Jeszcze tylko dostanę podwyżkę… Jeszcze tylko jeden stopień awansu i już jestem gotowy na dziecko… Często zdarza nam się kalkulować, spoglądać niemal z kalendarzem w ręku, kiedy nasz potomek ma pojawić się na świecie, aby było - no właśnie: idealnie. Niestety rzeczywistość jest zgoła inna. Awans nie przychodzi wtedy kiedy oczekiwaliśmy, kondycja finansowa firmy nie pozwala na rychłe podwyżki, a czas leci.
Decyzja o rodzicielstwie jest odwlekana, a „ciśnienie” rośnie, bo przecież nie jesteśmy coraz młodsi. Życie zawodowe zajmuje nam większość życia, daje nam satysfakcję, sukcesy, docenienie i ciężko jest nam z tego zrezygnować – rozwijamy się. Paradoksalnie czekamy na spokojniejszy czasy, które mogą nie nastąpić bo w każdym kolejnym miesiącu, kwartale, roku są nowe cele i wyzwania.
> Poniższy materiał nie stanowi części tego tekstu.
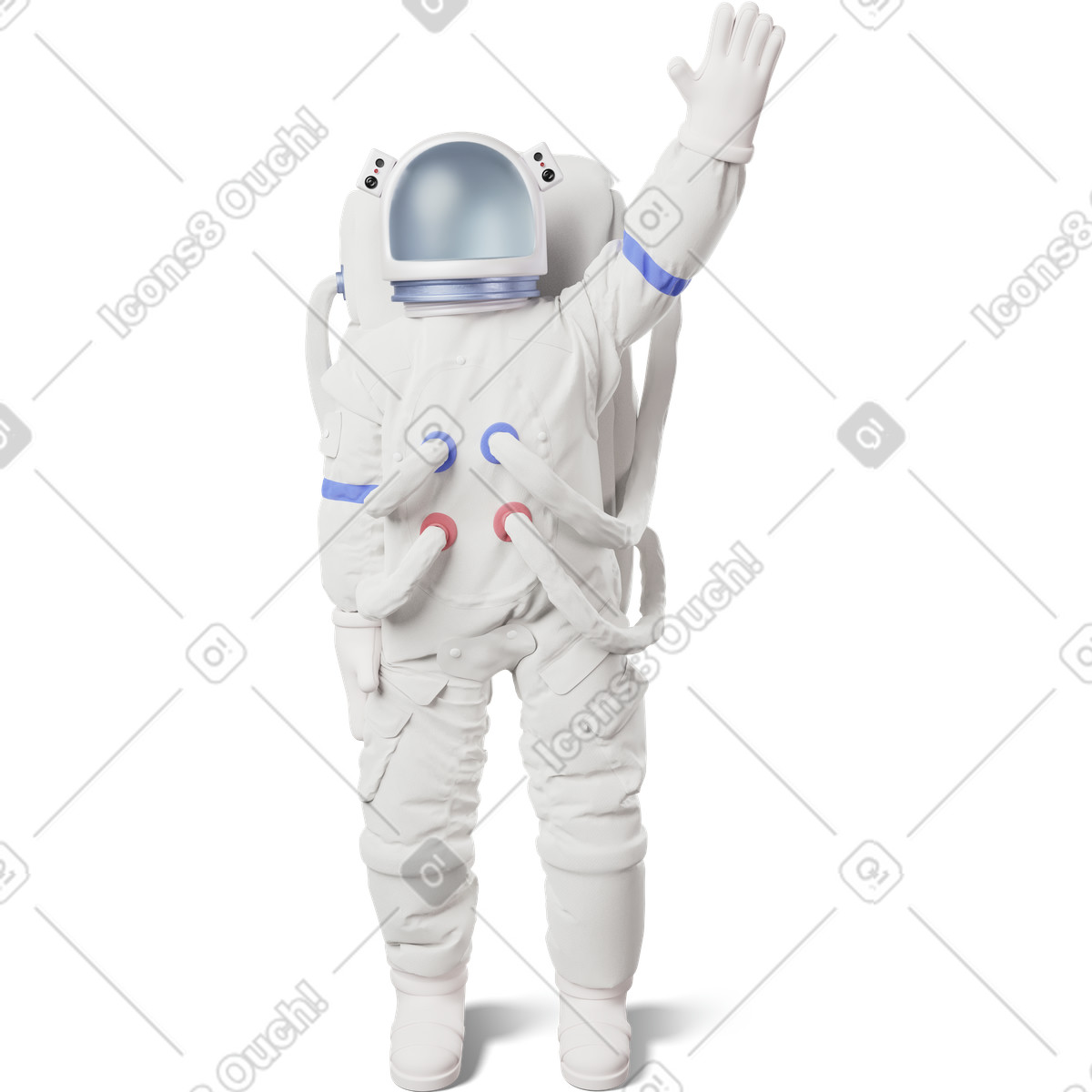 下载 3D Business 风格的 Astronaut waving 插画，支持 PNG、SVG 格式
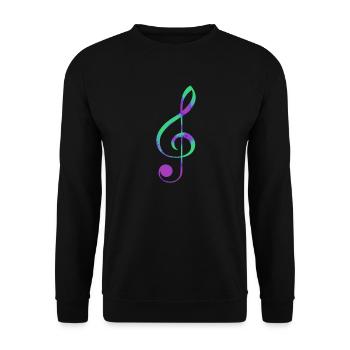 clef I love music sheet music - Unisex Sweatshirt - black - Front - Alina (178cm) & Michal (187cm)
Mało tego, te wyzwania będą dla nas coraz bardziej atrakcyjne bo osiągamy coraz większą sprawność zawodową. Dodatkowo w takim czasie często nie zdajemy sobie sprawy, że natura to nie nasze chciejstwo i słowa: „Kochanie za miesiąc będziemy w ciąży” – w większości przypadków to tylko pobożne życzenia.
Idealny czas finansowy...
„Nie stać nas na dziecko, mamy za małe mieszkanie – jeszcze tylko dostaniemy nowy kredyt i już będziemy rodzić.” Idealnym miejscem do tego aby wychowywać dzieci jest miejsce gdzie się nie pozabijają. Idealną sytuacją finansową jest sytuacja, w której jesteśmy w stanie dziecko nakarmić i ubrać. Dzieci nie oczekują od swoich rodziców butów za 500zł ani wózków za 4000 zł. One oczekują od nas tylko jednego – czasu dla rodziny. Dzieci nie będą pamiętać czy miały zestaw do piaskownicy za 5 zł, czy za 100 zł z 56 elementami. Zapewniam Cię, że będzie się bawić maksymalnie 3 foremkami i jedną łopatką, albo patykiem i kamieniami w kałuży.
Idealne przygotowania...
Często jest tak, że do rodzicielstwa przygotowujemy się w nadmierny sposób i zatracamy się w zakupach oraz kolekcjonowaniu sprzętów dla naszego potomka. Okazuje się po czasie, że skorzystaliśmy z 30% tych wszystkich dobrodziejstw naszych czasów. Podświadomie nie chcąc wychodzić ze strefy własnego komfortu odwlekamy nasze decyzje o rodzicielstwie. Lubimy żyć lub pracować bezpiecznie i przewidywalnie, gdzie wszystko jest nam znane.
Presja otoczenia...
Jednoznacznie chciałbym Wam powiedzieć: nie każdy musi posiadać dzieci. Okazuje się, że przyszli dziadkowie przy stole świątecznym pytają po raz 15 kiedy będą bawić wnusia czy wnusię. Niejednokrotnie wywołuje to niezbyt dobre emocje i niepotrzebne dyskusje. Kluczowym aspektem presji otoczenia na rodzicielstwo jest uczciwe postawienie sprawy Jeżeli nie chcesz mieć dzieci bo np. nie bo nie, nie lubię dzieci, zbyt lubię swoje obecne życie, lubię swoją pracę, dobrze mi tylko z moim partnerem , lubię spać, nie lubię zimnej kawy – w porządku tylko powiedz to szczerze, a unikniesz zbędnych domysłów.